The material below holds a span beginning at the line with "High-Capacity MP3 Player" and ending at the line with "Blue Jays Lettering Design T Shirt". Quote that span exactly, both ends included, and only that span.

THE INPUT.
____________________
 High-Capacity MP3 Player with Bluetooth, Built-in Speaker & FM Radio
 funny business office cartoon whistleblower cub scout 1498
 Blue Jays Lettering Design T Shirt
____________________
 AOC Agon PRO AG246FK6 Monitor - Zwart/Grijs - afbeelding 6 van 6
____________________
ANSWER TO THIS TASK.
 High-Capacity MP3 Player with Bluetooth, Built-in Speaker & FM Radio
 funny business office cartoon whistleblower cub scout 1498
 Blue Jays Lettering Design T Shirt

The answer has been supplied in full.